Anglo African Oil & Gas (LSE:AAOG) rose to 9.5p today following the news yesterday that its recent £7.4m fundraise had received unanimous approval from shareholders. With shares now at a healthy premium to their 8p placing price, further significant gains could be on the way as the company is free to drill its highly prospective Tilapia field in the Republic of the Congo.
At a shareholder meeting on Monday, more than 99pc of votes cast were in favour of the fundraise, which will fund the cost of drilling the multi-horizon TLP-103 well at Tilapia, where Anglo African owns a 56pc stake. Anglo African, formerly Namibian Resources, has argued that completing a drilling programme on the TLP-103 well will be transformational. The move could allow it to begin extracting oil from the Mengo Sands and the Djeno Sands, two deeper horizons that are both prolific producers on nearby fields.
Surprisingly, the company even received support from its largest shareholder Sister Holding (23.5pc) despite the business previously making it clear that it did not support the placing. Sister was the firm that Anglo African bought Tilapia off back in 2015, leading many punters to speculate that it was trying to get the asset back now that it looks more attractive in the higher oil price environment.
David Sefton, executive chairman at Anglo African, said: ‘I would like to thank all of those who supported the Placing. AAOG can now move forward to drill TLP-103. I also want to express thanks to Sister, who today voted in favour of the resolution and conveyed their support of the management team.’
Many investors were likely holding off on investing in Anglo African until learning the outcome of the meeting, as a vote against the placing would have put it at risk of going private. But now that these difficulties are behind it, and Anglo African is free to move on, support from these punters could lead to significant share price gains.
Things now look extremely promising, as the business develops Tilapia under its new chief executive James Berwick who joined in January. Berwick told us in March that he is ‘fully focused’ on drilling TLP-103- although this is hardly surprising given that a large chunk of Anglo African’s future potential lies in the well.

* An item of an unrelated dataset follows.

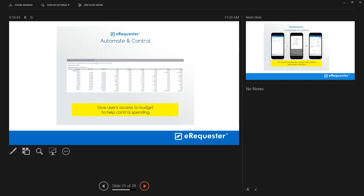On the budget side, if you're using only Excel or a basic ERP system, you have insight into what's already been spent and what's left. eRequester goes further — it shows not only what you've already bought and spent, but also what's outstanding in open purchase orders that haven't been paid yet. This means any new request is evaluated against real-time budget data pulled directly from SL living in eRequester.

TLP-103 will target producing reservoirs containing 2m barrels and an 8.1m barrel gross contingent resource discovery. Anglo African will also test a deeper prospect with a 58.4m barrel resource. In a previous interview with ValueTheMarkets, Sefton said that if TLP-103 is a success, the company plans to roll out a full-field development plan for Tilapia. It will then look at nearby assets that are complementary and can produce in the near-term.
The plan is for this to ultimately take the business to its >1,000bopd production target. If this occurs, drilling on the Mengo and Djeno sands on Tilapia is successful, and oil prices are higher than $30/bbl then the firm plans to distribute free cash to shareholders through regular dividends of at least 50pc of net profits. If production reaches 5,000bopd and oil prices are above $30/bbl, then the bonus will be at least 75pc of net profits.